**Task requirements**
Repeat all the records exactly, omitting pictures.

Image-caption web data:
◆ ◆ ◆ ◆ ◆
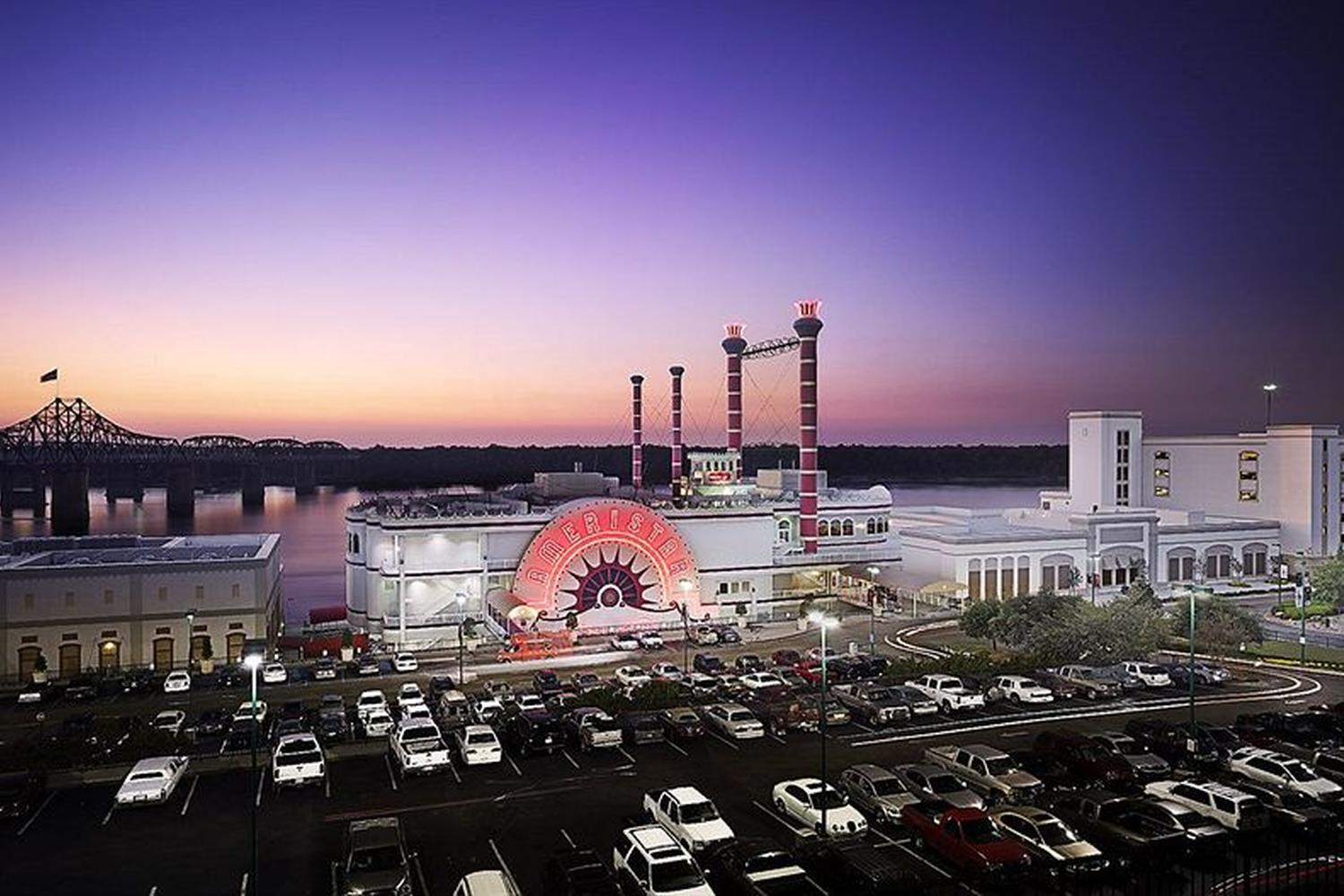 Pet Friendly Casino Hotels In Vicksburg Ms Pet Friendly Casino Hotels In Vicksburg Ms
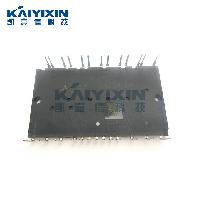15602727821915300445000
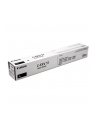 CANON C-EXV 51 Toner black standard capacity 69.000 pages 1Pack - nr 13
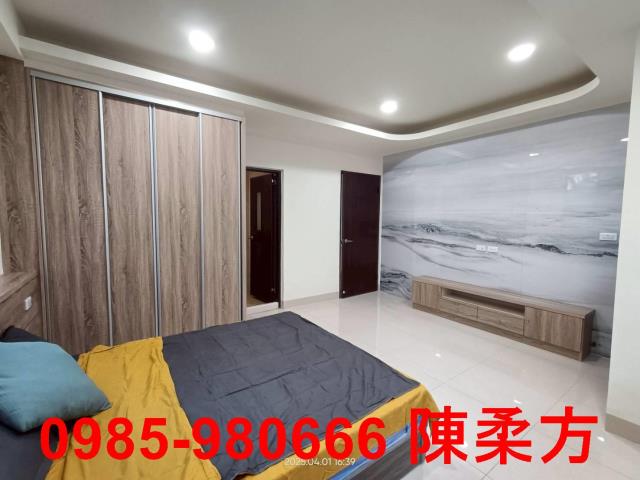 嘉義中埔別墅-11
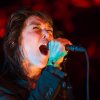 Foto Wende Snijders te Eurosonic Noorderslag 2018 - Zaterdag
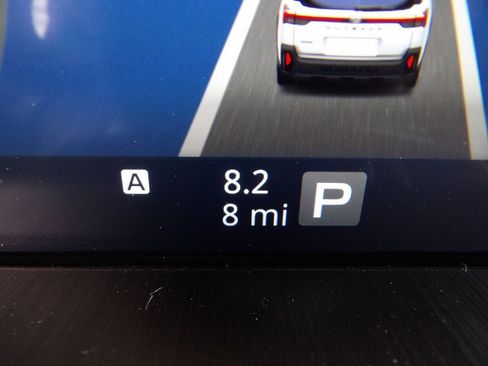 New 2026 Subaru Outback Limited image 20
◆ ◆ ◆ ◆ ◆
**Task result**
 Pet Friendly Casino Hotels In Vicksburg Ms Pet Friendly Casino Hotels In Vicksburg Ms
15602727821915300445000
 CANON C-EXV 51 Toner black standard capacity 69.000 pages 1Pack - nr 13
 嘉義中埔別墅-11
 Foto Wende Snijders te Eurosonic Noorderslag 2018 - Zaterdag
 New 2026 Subaru Outback Limited image 20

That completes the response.